Consider this set of headlines about our health care system:

FEWER EMPLOYERS COVERING HEALTH

HEALTH COSTS CLOBBER SMALL FIRMS

WORKERS TO PAY MORE FOR HEALTH CARE

TRAIN WRECK

If you’ve followed the debate over Obamacare, then you probably recognize these headlines, particularly the last one. Ever since Senate Finance Chairman Max Baucus worried aloud about the possibility of an implementation “train wreck,” critics have turned the phrase into a slogan. But these headlines aren’t from the last two years. They are from 2005 and 2006. That should tell you something. People were making the same complaints long before Obamacare came along. For the U.S. health care system, dysfunction is a pre-existing condition.

It started almost a century ago, in the late 1920s and early 1930s, when hospitals established the first modern insurance plans so that their patients would be able to pay their bills. Plans needed a mix of healthy and sick people: Premiums from the former covered the costs of the latter. To do that, organizers focused on groups of employees. (The first such plan operated in Dallas, Texas, under the direction of Baylor Hospital.) Later the federal government exempted employer health benefits from wartime price controls and then from federal income taxes, insuring that employer-provided insurance would be became the basis for health insurance in the U.S.

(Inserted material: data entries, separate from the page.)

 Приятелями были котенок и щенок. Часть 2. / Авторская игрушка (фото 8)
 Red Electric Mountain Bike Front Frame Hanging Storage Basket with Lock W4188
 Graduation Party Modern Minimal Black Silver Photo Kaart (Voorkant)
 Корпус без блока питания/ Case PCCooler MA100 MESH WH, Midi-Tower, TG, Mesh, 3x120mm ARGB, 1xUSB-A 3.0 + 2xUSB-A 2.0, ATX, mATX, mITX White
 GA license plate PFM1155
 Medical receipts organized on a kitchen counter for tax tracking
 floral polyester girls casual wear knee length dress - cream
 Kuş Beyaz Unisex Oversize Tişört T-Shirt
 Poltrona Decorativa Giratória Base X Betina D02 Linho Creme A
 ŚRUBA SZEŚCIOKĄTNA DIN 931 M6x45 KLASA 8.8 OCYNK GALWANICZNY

But that situation made health insurance highly dependent upon employment and income, particularly after the 1940s when commercial insurers introduced the practice of “medical underwriting”—charging higher rates, withholding benefits, or denying coverage altogether to people with pre-existing medical conditions. The creation of Medicare and Medicaid, in the 1960s, made it possible for the elderly and some of the poor to get insurance. But people who didn’t fall into either category struggled.

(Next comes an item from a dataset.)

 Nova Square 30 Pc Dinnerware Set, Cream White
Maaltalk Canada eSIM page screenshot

Worse still, insurance plans were still financing care the way they had back in the 20s and 30s—by paying whatever bills the hospitals and doctors submitted, at whatever prices. By the 1970s, the price of health care was rising much faster than incomes, just as American manufacturing companies and eventually other employers came under intense pressure (much of it from abroad) to cut their labor costs. After decades of loading up employees with insurance, in order to win their loyalty, businesses began looking for ways to contain or reduce the cost.

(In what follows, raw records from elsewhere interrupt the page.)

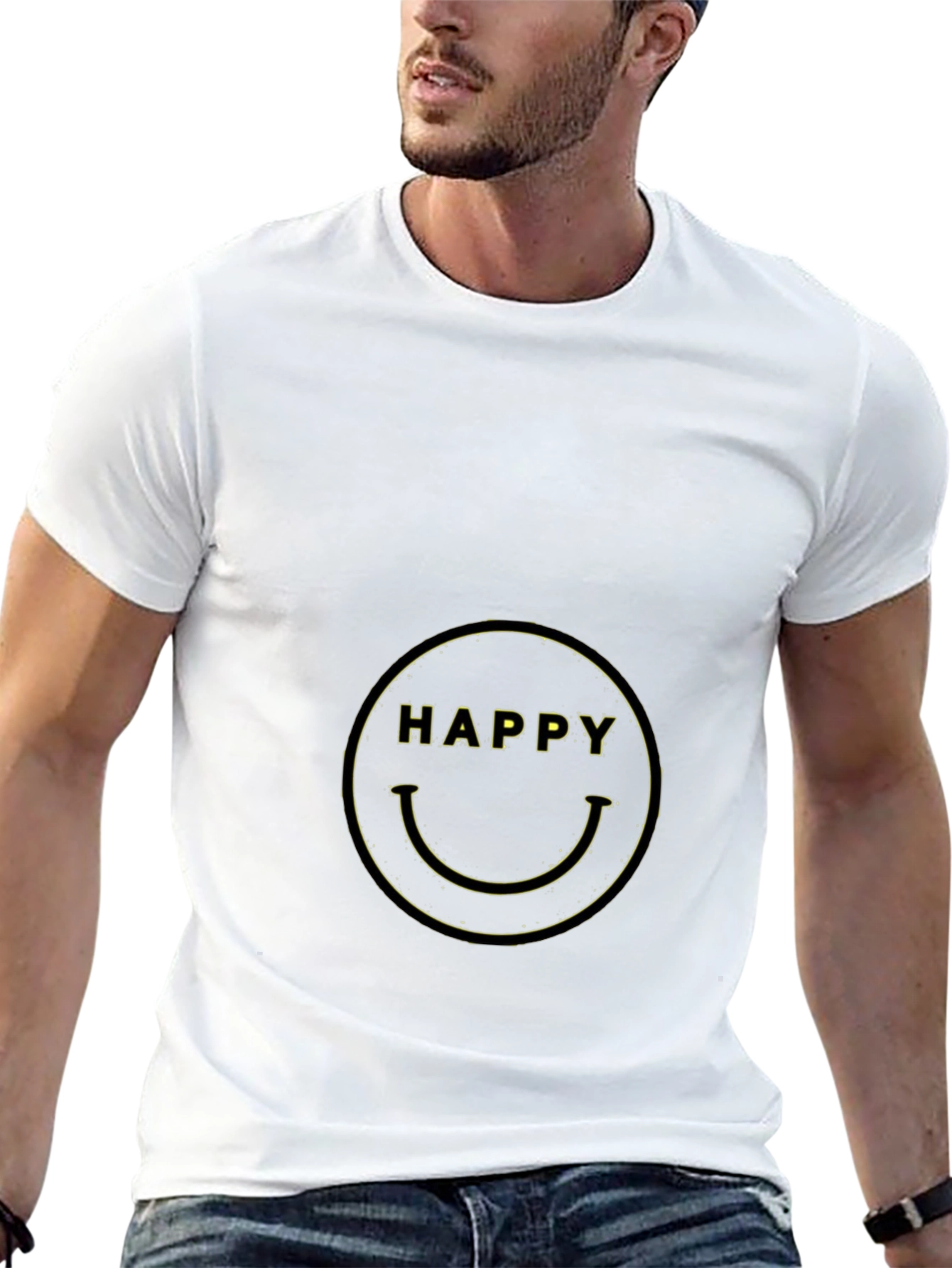 Happy Face Graphic Tee - Black Cotton Blend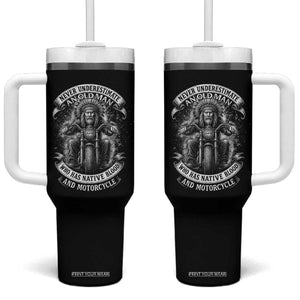 Never Underestimate An Old Man Who Has Native Blood And Motorcycle Tumbler With Handle Native American Biker TS11 One Size: 40 oz Black Print Your Wear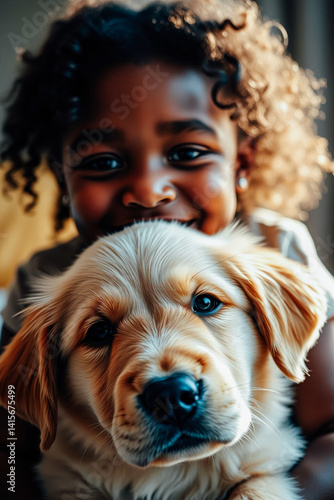 Obraz na płótnie Adorable Child and Puppy Embrace w salonie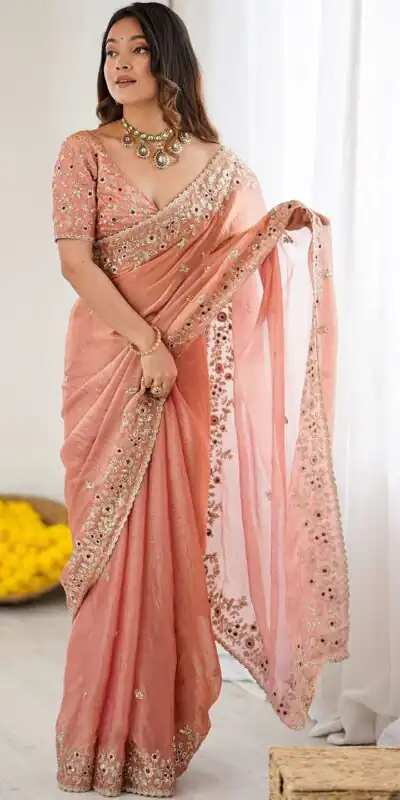 JR 645 Peach Fandy chiffon Saree Perfect for Wedding, Party, Housewarming, Durga Puja, Traditional Day – . Special Price ₹1949. Delivery 4-6 Working Day | Sarees, Bollywood Sarees, Creative Sarees, Designer Sarees, Embroidered Sarees, Ethnic Saree, Modern Digital sarees, Party Wear Sarees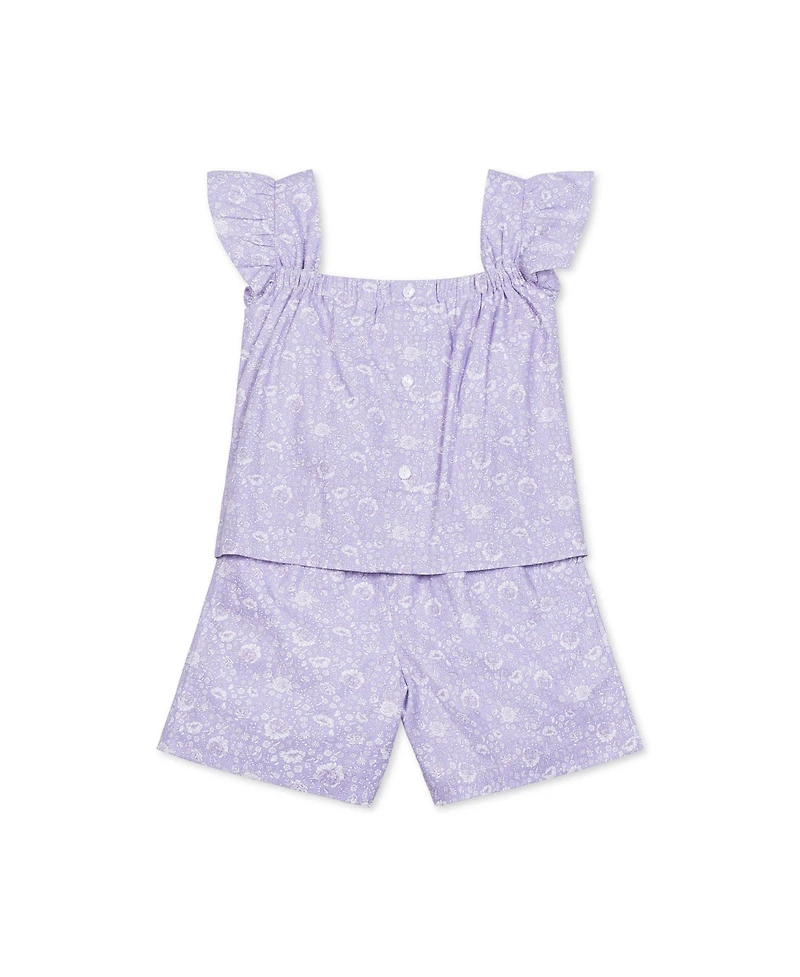 Hope & Henry Baby Girls Flutter Sleeve Faux Top Pull-On Linen Romper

As a result of these factors, health insurance coverage deteriorated badly. Up through the 1970s, the percentage of non-elderly Americans with insurance from employers had risen steadily. But it stagnated after that and, after another two decades, started to fall—from a peak of 70.3 percent in 2000 to 63.7 percent in 2008 and then, thanks to the recession, 58.4 percent in 2012. More and more people qualified for Medicaid, but it wasn’t enough to offset the losses. As a result, according to the Census Bureau, the percentage of Americans with no health insurance at all rose from 12 percent in 1987 to more than 16 percent in 2009, although the increase was actually larger because of a one-time technical adjustment in methodology.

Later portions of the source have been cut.